Multiple metric learning with query adaptive weights and multi-task re-weighting for person re-identification

摘要

Metric learning has been widely studied in person re-identification (re-id). However, most existing metric learning methods only learn one holistic Mahalanobis distance metric for the concatenated high dimensional feature. This single metric learning strategy cannot handle complex nonlinear data structure and may easily encounter overfitting. Besides, feature concatenation is incapable of exploring the discriminant capability of different features and low dimensional features tend to be dominated by high dimensional ones. Motivated by these problems, we propose a multiple metric learning method for the re-id problem, where individual sub-metrics are separately learned for each feature type and the final metric is formed as weighted sum of the sub-metrics. The sub-metrics are learned with the Cross-view Quadratic Discriminant Analysis (XQDA) algorithm and the weights to each sub-metric are assigned in a two-step procedure.
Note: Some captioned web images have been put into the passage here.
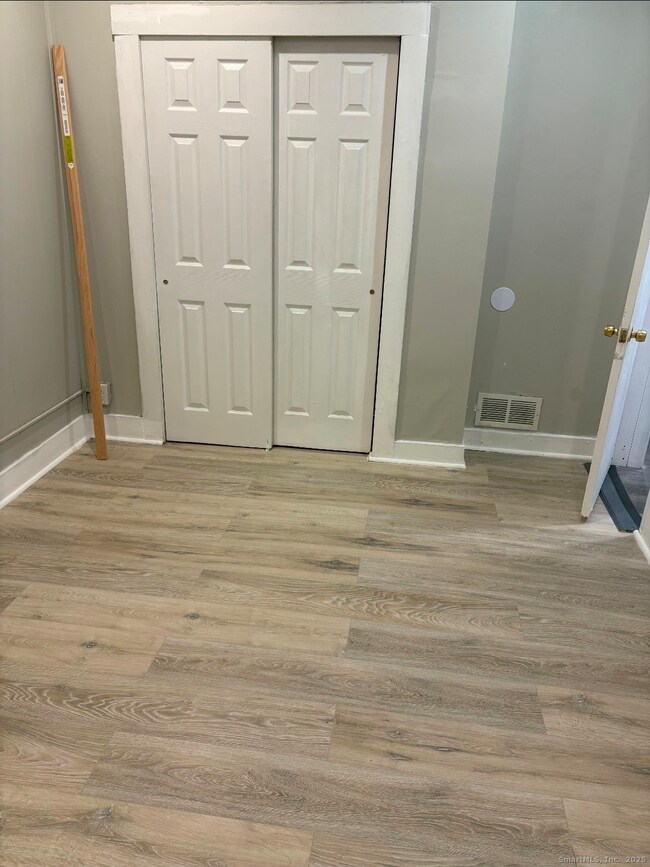 190 Howard Ave unit 1, Ansonia, CT 06401 - photo 5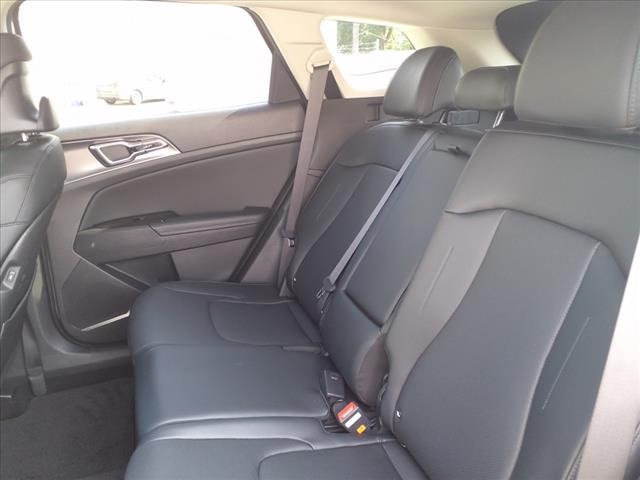 Vehicle image 28 of 32
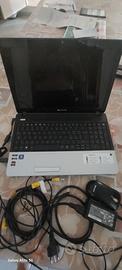 computer portatile e  2 batterie nuove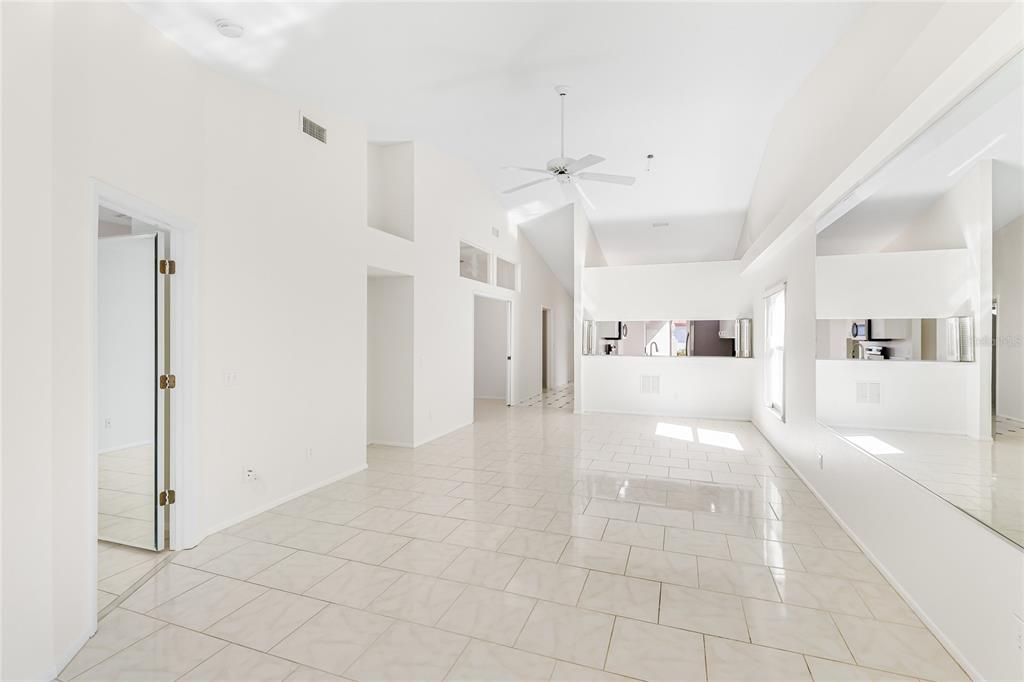 待售: $275,000 (2 贝兹, 2 浴室, 1404 平方英尺)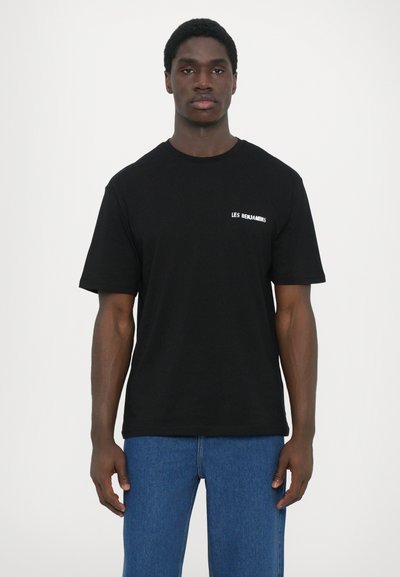 Μαύρο βαμβακερό μπλουζάκι κοντομάνικο, με λευκό λογότυπο "LES BENJAMINS" στο αριστερό στήθος. Κλασικός σχεδιασμός με στρογγυλή λαιμόκοψη.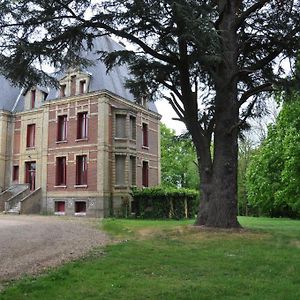 ホテル Chateau De La Croix Bizet Moulineaux Exterior photo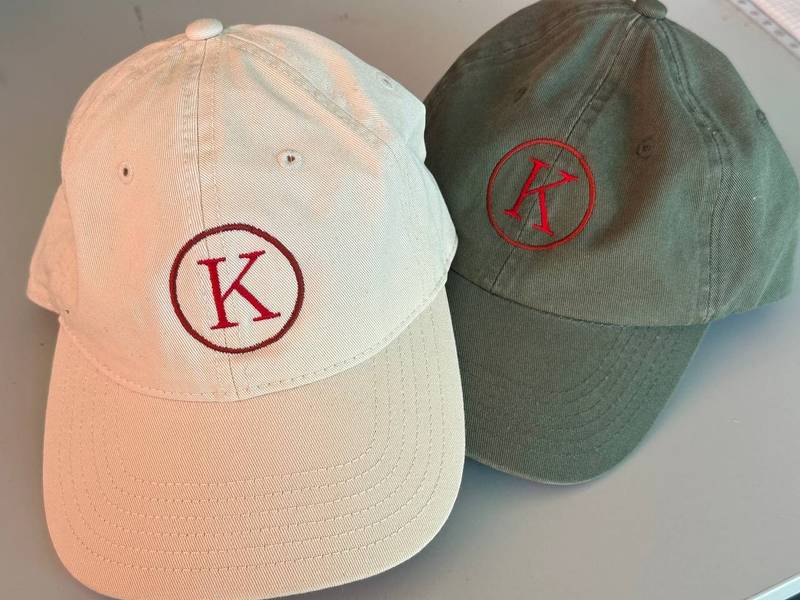 Monogramm-Kappen bestickt, K-Logo auf Dad Caps Wien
First, the importance of each feature type is estimated according to its discriminative power, which is measured in a query adaptive manner as related to the partial Area Under Curve (pAUC) scores. Then, the weights of all feature types are learned simultaneously with a maximum-margin based multi-task structural SVM learning framework, in order to make sure that relevant gallery images are ranked before irrelevant ones within all feature spaces. Finally, the sub-metrics are integrated with the learned weights in an ensemble model, generating a sophisticated distance metric. Experiments on the challenging i-LIDS, VIPeR, CAVIAR and 3DPeS datasets demonstrate the effectiveness of the proposed method.